Reproduce, exactly, the lines of the material below from the line containing "Farbiges Retro-Hippie-Blume-Muster Seidenpapier" through the line containing "Silk Plants Direct", with both end lines included and nothing else.

• [Given information]

+ + + + +

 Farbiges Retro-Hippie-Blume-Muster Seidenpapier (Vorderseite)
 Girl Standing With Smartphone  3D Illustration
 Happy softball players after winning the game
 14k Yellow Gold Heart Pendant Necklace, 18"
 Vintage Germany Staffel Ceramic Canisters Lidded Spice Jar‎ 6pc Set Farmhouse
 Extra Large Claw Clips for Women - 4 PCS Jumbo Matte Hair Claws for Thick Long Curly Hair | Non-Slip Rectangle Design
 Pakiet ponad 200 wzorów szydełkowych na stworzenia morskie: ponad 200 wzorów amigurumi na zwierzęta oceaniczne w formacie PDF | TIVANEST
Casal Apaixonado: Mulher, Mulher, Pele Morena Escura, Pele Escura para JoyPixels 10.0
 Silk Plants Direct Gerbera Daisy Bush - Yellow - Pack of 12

+ + + + +

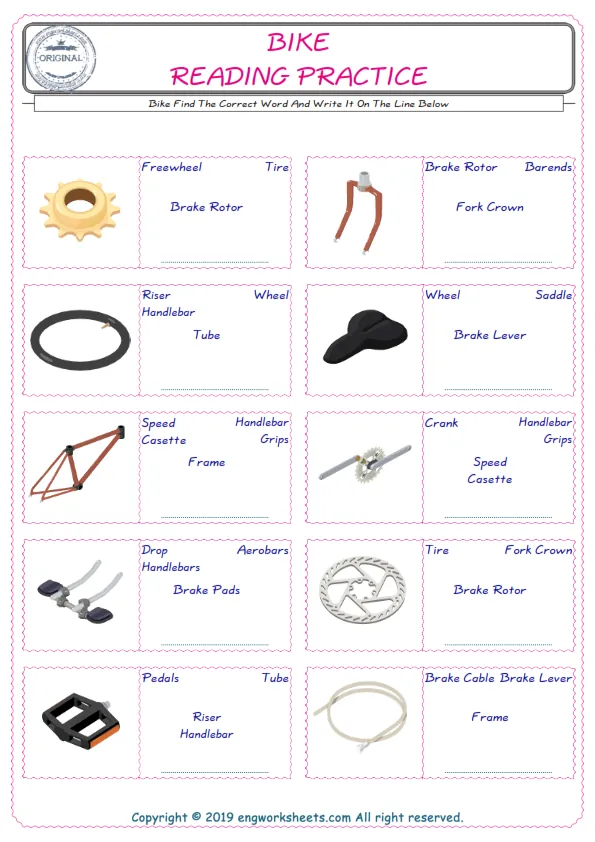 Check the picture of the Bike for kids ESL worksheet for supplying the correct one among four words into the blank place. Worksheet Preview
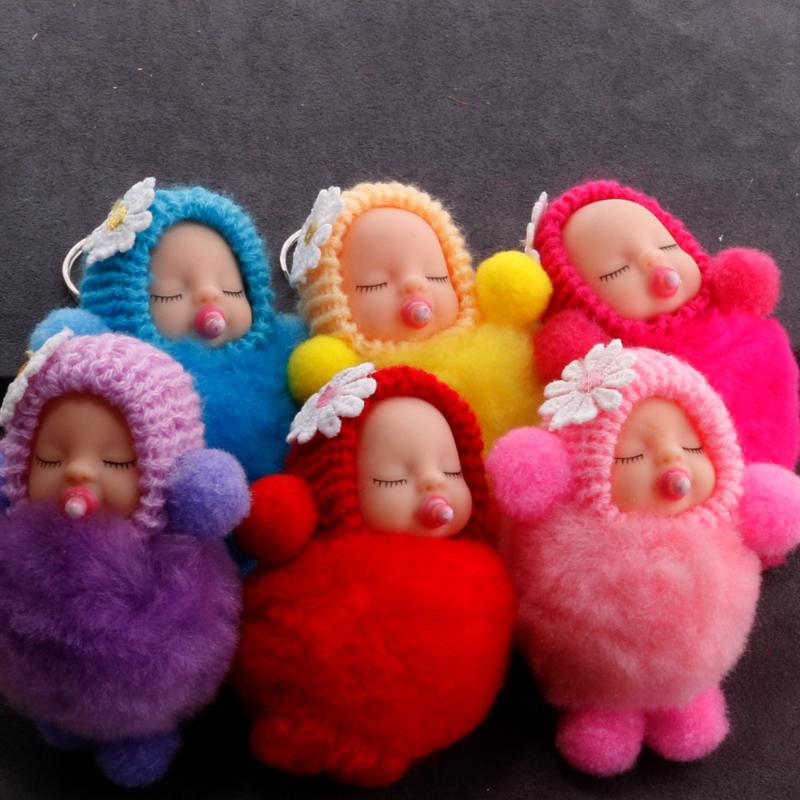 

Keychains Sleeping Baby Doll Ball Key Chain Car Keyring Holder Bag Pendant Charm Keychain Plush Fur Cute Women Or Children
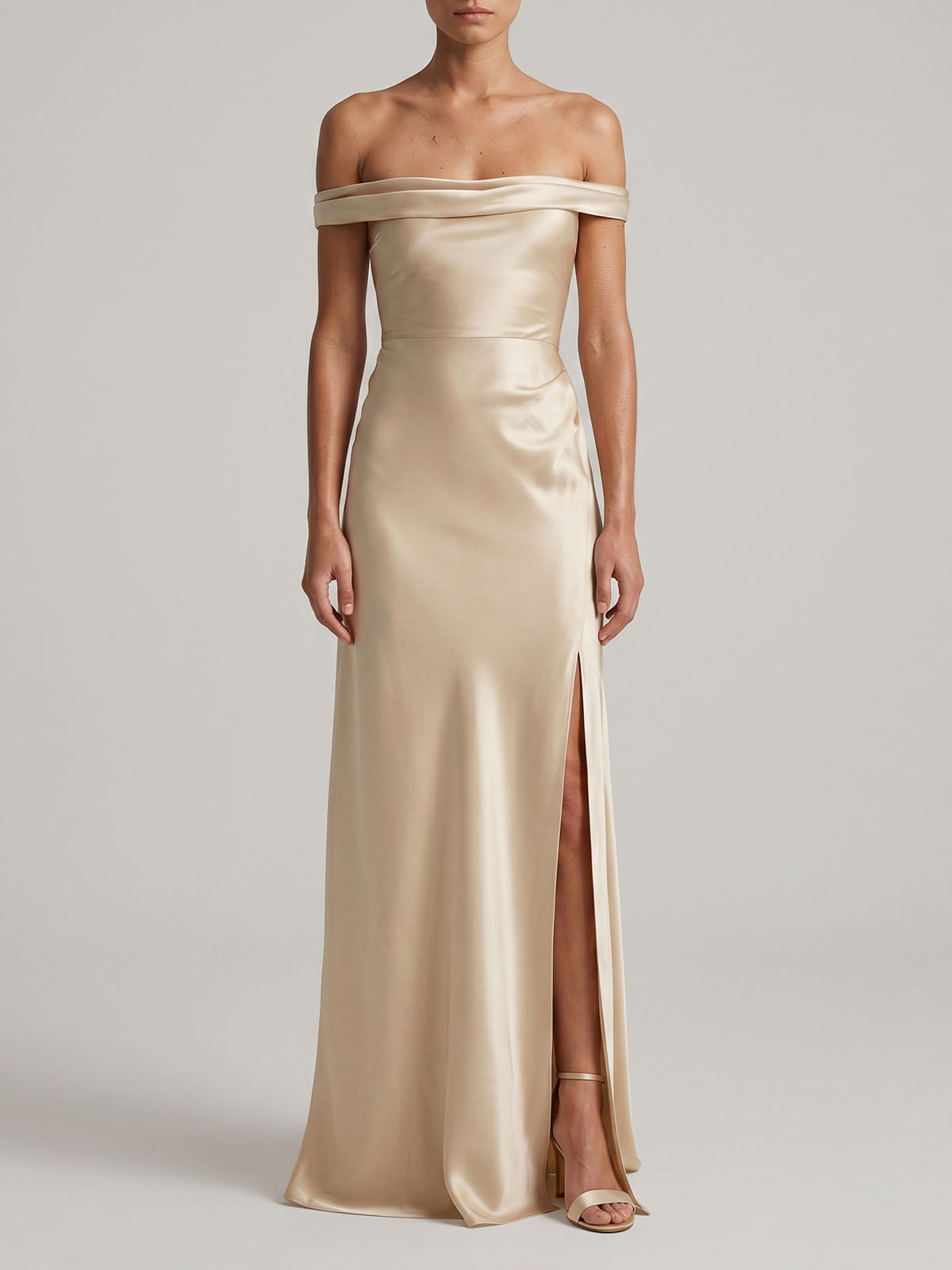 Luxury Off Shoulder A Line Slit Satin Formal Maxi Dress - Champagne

+ + + + +

• [Written solution]
 Farbiges Retro-Hippie-Blume-Muster Seidenpapier (Vorderseite)
 Girl Standing With Smartphone  3D Illustration
 Happy softball players after winning the game
 14k Yellow Gold Heart Pendant Necklace, 18"
 Vintage Germany Staffel Ceramic Canisters Lidded Spice Jar‎ 6pc Set Farmhouse
 Extra Large Claw Clips for Women - 4 PCS Jumbo Matte Hair Claws for Thick Long Curly Hair | Non-Slip Rectangle Design
 Pakiet ponad 200 wzorów szydełkowych na stworzenia morskie: ponad 200 wzorów amigurumi na zwierzęta oceaniczne w formacie PDF | TIVANEST
Casal Apaixonado: Mulher, Mulher, Pele Morena Escura, Pele Escura para JoyPixels 10.0
 Silk Plants Direct Gerbera Daisy Bush - Yellow - Pack of 12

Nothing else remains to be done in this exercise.